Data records

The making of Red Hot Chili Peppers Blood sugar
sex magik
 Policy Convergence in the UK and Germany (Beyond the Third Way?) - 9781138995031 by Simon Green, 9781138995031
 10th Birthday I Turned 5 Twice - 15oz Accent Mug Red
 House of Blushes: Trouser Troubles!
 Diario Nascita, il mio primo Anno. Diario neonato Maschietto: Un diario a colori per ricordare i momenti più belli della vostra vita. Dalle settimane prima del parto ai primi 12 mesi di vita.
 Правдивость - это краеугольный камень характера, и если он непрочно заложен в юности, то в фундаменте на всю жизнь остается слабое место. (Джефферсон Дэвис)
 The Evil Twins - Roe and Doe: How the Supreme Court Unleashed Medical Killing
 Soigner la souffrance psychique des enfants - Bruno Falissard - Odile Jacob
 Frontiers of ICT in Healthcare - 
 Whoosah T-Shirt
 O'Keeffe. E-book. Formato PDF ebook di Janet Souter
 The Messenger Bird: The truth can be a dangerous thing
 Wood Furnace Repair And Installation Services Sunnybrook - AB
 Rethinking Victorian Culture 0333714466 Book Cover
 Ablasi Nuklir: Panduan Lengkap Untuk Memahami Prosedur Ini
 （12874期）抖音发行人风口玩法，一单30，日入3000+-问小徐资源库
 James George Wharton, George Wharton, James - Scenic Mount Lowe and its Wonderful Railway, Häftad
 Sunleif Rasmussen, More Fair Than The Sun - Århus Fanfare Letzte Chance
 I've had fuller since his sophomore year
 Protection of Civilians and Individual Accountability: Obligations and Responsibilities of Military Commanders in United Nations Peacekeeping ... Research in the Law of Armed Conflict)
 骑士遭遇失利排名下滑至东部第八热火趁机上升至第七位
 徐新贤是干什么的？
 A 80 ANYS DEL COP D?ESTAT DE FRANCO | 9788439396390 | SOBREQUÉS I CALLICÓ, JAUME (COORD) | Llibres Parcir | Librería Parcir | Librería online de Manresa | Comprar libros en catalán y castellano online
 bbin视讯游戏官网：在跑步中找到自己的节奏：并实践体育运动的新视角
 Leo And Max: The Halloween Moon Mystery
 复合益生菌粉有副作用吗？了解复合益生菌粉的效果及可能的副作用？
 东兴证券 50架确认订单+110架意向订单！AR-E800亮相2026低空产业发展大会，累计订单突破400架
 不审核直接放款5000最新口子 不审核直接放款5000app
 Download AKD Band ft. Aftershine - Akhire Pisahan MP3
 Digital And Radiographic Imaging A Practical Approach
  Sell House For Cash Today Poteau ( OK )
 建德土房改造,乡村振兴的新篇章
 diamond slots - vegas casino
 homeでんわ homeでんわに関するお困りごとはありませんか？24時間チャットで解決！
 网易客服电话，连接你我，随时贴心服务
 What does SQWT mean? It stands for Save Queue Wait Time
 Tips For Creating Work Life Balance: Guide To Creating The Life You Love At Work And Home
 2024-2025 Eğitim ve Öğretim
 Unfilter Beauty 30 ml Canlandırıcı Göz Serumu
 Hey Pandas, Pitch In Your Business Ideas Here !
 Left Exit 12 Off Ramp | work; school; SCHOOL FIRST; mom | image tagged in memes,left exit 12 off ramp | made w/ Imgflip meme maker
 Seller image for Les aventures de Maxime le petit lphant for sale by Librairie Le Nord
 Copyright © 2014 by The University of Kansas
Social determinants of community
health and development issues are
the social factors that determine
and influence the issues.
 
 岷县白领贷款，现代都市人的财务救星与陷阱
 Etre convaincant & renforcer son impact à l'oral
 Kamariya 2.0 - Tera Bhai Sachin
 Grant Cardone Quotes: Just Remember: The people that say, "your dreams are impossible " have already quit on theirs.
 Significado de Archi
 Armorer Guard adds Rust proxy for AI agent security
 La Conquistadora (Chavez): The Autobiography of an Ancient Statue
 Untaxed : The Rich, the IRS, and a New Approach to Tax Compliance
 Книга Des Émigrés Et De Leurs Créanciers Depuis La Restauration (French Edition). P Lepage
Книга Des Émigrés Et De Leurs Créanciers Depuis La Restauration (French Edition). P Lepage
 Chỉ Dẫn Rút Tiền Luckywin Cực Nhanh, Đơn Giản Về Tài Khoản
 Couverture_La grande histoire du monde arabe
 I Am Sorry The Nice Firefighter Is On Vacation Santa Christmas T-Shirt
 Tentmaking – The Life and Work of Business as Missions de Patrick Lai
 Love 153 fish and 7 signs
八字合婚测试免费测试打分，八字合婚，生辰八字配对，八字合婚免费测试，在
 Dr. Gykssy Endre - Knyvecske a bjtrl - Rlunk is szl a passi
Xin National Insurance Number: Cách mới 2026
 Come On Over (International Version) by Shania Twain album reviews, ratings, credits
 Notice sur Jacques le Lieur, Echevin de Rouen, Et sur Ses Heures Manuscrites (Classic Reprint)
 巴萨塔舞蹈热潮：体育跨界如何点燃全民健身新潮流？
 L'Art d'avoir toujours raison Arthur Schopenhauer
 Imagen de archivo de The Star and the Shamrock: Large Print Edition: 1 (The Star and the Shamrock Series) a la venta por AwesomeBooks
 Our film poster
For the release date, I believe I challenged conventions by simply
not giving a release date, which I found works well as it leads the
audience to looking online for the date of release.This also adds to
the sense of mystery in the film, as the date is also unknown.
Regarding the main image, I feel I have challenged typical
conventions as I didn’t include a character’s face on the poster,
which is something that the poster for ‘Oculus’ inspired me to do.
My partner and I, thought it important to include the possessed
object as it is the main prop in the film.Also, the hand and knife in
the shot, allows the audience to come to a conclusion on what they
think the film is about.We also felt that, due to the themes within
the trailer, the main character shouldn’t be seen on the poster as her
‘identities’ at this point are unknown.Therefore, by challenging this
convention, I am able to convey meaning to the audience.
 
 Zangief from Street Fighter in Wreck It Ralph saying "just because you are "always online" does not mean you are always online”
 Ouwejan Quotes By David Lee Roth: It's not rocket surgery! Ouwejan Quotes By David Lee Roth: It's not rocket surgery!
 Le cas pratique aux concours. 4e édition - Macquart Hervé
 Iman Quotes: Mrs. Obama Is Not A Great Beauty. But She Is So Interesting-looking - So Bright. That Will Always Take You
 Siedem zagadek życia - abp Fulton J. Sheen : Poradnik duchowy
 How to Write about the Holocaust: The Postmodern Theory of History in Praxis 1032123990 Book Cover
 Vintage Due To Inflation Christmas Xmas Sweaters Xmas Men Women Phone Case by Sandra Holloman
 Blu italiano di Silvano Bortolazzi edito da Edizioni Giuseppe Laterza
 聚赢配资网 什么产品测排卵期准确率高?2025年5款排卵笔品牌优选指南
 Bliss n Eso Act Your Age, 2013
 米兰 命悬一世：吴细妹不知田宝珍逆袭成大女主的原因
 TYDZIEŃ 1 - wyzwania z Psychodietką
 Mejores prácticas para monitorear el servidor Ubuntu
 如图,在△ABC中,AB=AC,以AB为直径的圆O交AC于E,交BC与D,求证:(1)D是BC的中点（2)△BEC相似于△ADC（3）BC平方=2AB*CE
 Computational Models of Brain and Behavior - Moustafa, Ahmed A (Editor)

-- WHAT THE TASK ASKS --
Write out all records exactly, keeping every detail.

-- SOLUTION TO THIS EXERCISE --
The making of Red Hot Chili Peppers Blood sugar
sex magik
 Policy Convergence in the UK and Germany (Beyond the Third Way?) - 9781138995031 by Simon Green, 9781138995031
 10th Birthday I Turned 5 Twice - 15oz Accent Mug Red
 House of Blushes: Trouser Troubles!
 Diario Nascita, il mio primo Anno. Diario neonato Maschietto: Un diario a colori per ricordare i momenti più belli della vostra vita. Dalle settimane prima del parto ai primi 12 mesi di vita.
 Правдивость - это краеугольный камень характера, и если он непрочно заложен в юности, то в фундаменте на всю жизнь остается слабое место. (Джефферсон Дэвис)
 The Evil Twins - Roe and Doe: How the Supreme Court Unleashed Medical Killing
 Soigner la souffrance psychique des enfants - Bruno Falissard - Odile Jacob
 Frontiers of ICT in Healthcare - 
 Whoosah T-Shirt
 O'Keeffe. E-book. Formato PDF ebook di Janet Souter
 The Messenger Bird: The truth can be a dangerous thing
 Wood Furnace Repair And Installation Services Sunnybrook - AB
 Rethinking Victorian Culture 0333714466 Book Cover
 Ablasi Nuklir: Panduan Lengkap Untuk Memahami Prosedur Ini
 （12874期）抖音发行人风口玩法，一单30，日入3000+-问小徐资源库
 James George Wharton, George Wharton, James - Scenic Mount Lowe and its Wonderful Railway, Häftad
 Sunleif Rasmussen, More Fair Than The Sun - Århus Fanfare Letzte Chance
 I've had fuller since his sophomore year
 Protection of Civilians and Individual Accountability: Obligations and Responsibilities of Military Commanders in United Nations Peacekeeping ... Research in the Law of Armed Conflict)
 骑士遭遇失利排名下滑至东部第八热火趁机上升至第七位
 徐新贤是干什么的？
 A 80 ANYS DEL COP D?ESTAT DE FRANCO | 9788439396390 | SOBREQUÉS I CALLICÓ, JAUME (COORD) | Llibres Parcir | Librería Parcir | Librería online de Manresa | Comprar libros en catalán y castellano online
 bbin视讯游戏官网：在跑步中找到自己的节奏：并实践体育运动的新视角
 Leo And Max: The Halloween Moon Mystery
 复合益生菌粉有副作用吗？了解复合益生菌粉的效果及可能的副作用？
 东兴证券 50架确认订单+110架意向订单！AR-E800亮相2026低空产业发展大会，累计订单突破400架
 不审核直接放款5000最新口子 不审核直接放款5000app
 Download AKD Band ft. Aftershine - Akhire Pisahan MP3
 Digital And Radiographic Imaging A Practical Approach
  Sell House For Cash Today Poteau ( OK )
 建德土房改造,乡村振兴的新篇章
 diamond slots - vegas casino
 homeでんわ homeでんわに関するお困りごとはありませんか？24時間チャットで解決！
 网易客服电话，连接你我，随时贴心服务
 What does SQWT mean? It stands for Save Queue Wait Time
 Tips For Creating Work Life Balance: Guide To Creating The Life You Love At Work And Home
 2024-2025 Eğitim ve Öğretim
 Unfilter Beauty 30 ml Canlandırıcı Göz Serumu
 Hey Pandas, Pitch In Your Business Ideas Here !
 Left Exit 12 Off Ramp | work; school; SCHOOL FIRST; mom | image tagged in memes,left exit 12 off ramp | made w/ Imgflip meme maker
 Seller image for Les aventures de Maxime le petit lphant for sale by Librairie Le Nord
 Copyright © 2014 by The University of Kansas
Social determinants of community
health and development issues are
the social factors that determine
and influence the issues.
 
 岷县白领贷款，现代都市人的财务救星与陷阱
 Etre convaincant & renforcer son impact à l'oral
 Kamariya 2.0 - Tera Bhai Sachin
 Grant Cardone Quotes: Just Remember: The people that say, "your dreams are impossible " have already quit on theirs.
 Significado de Archi
 Armorer Guard adds Rust proxy for AI agent security
 La Conquistadora (Chavez): The Autobiography of an Ancient Statue
 Untaxed : The Rich, the IRS, and a New Approach to Tax Compliance
 Книга Des Émigrés Et De Leurs Créanciers Depuis La Restauration (French Edition). P Lepage
Книга Des Émigrés Et De Leurs Créanciers Depuis La Restauration (French Edition). P Lepage
 Chỉ Dẫn Rút Tiền Luckywin Cực Nhanh, Đơn Giản Về Tài Khoản
 Couverture_La grande histoire du monde arabe
 I Am Sorry The Nice Firefighter Is On Vacation Santa Christmas T-Shirt
 Tentmaking – The Life and Work of Business as Missions de Patrick Lai
 Love 153 fish and 7 signs
八字合婚测试免费测试打分，八字合婚，生辰八字配对，八字合婚免费测试，在
 Dr. Gykssy Endre - Knyvecske a bjtrl - Rlunk is szl a passi
Xin National Insurance Number: Cách mới 2026
 Come On Over (International Version) by Shania Twain album reviews, ratings, credits
 Notice sur Jacques le Lieur, Echevin de Rouen, Et sur Ses Heures Manuscrites (Classic Reprint)
 巴萨塔舞蹈热潮：体育跨界如何点燃全民健身新潮流？
 L'Art d'avoir toujours raison Arthur Schopenhauer
 Imagen de archivo de The Star and the Shamrock: Large Print Edition: 1 (The Star and the Shamrock Series) a la venta por AwesomeBooks
 Our film poster
For the release date, I believe I challenged conventions by simply
not giving a release date, which I found works well as it leads the
audience to looking online for the date of release.This also adds to
the sense of mystery in the film, as the date is also unknown.
Regarding the main image, I feel I have challenged typical
conventions as I didn’t include a character’s face on the poster,
which is something that the poster for ‘Oculus’ inspired me to do.
My partner and I, thought it important to include the possessed
object as it is the main prop in the film.Also, the hand and knife in
the shot, allows the audience to come to a conclusion on what they
think the film is about.We also felt that, due to the themes within
the trailer, the main character shouldn’t be seen on the poster as her
‘identities’ at this point are unknown.Therefore, by challenging this
convention, I am able to convey meaning to the audience.
 
 Zangief from Street Fighter in Wreck It Ralph saying "just because you are "always online" does not mean you are always online”
 Ouwejan Quotes By David Lee Roth: It's not rocket surgery! Ouwejan Quotes By David Lee Roth: It's not rocket surgery!
 Le cas pratique aux concours. 4e édition - Macquart Hervé
 Iman Quotes: Mrs. Obama Is Not A Great Beauty. But She Is So Interesting-looking - So Bright. That Will Always Take You
 Siedem zagadek życia - abp Fulton J. Sheen : Poradnik duchowy
 How to Write about the Holocaust: The Postmodern Theory of History in Praxis 1032123990 Book Cover
 Vintage Due To Inflation Christmas Xmas Sweaters Xmas Men Women Phone Case by Sandra Holloman
 Blu italiano di Silvano Bortolazzi edito da Edizioni Giuseppe Laterza
 聚赢配资网 什么产品测排卵期准确率高?2025年5款排卵笔品牌优选指南
 Bliss n Eso Act Your Age, 2013
 米兰 命悬一世：吴细妹不知田宝珍逆袭成大女主的原因
 TYDZIEŃ 1 - wyzwania z Psychodietką
 Mejores prácticas para monitorear el servidor Ubuntu
 如图,在△ABC中,AB=AC,以AB为直径的圆O交AC于E,交BC与D,求证:(1)D是BC的中点（2)△BEC相似于△ADC（3）BC平方=2AB*CE
 Computational Models of Brain and Behavior - Moustafa, Ahmed A (Editor)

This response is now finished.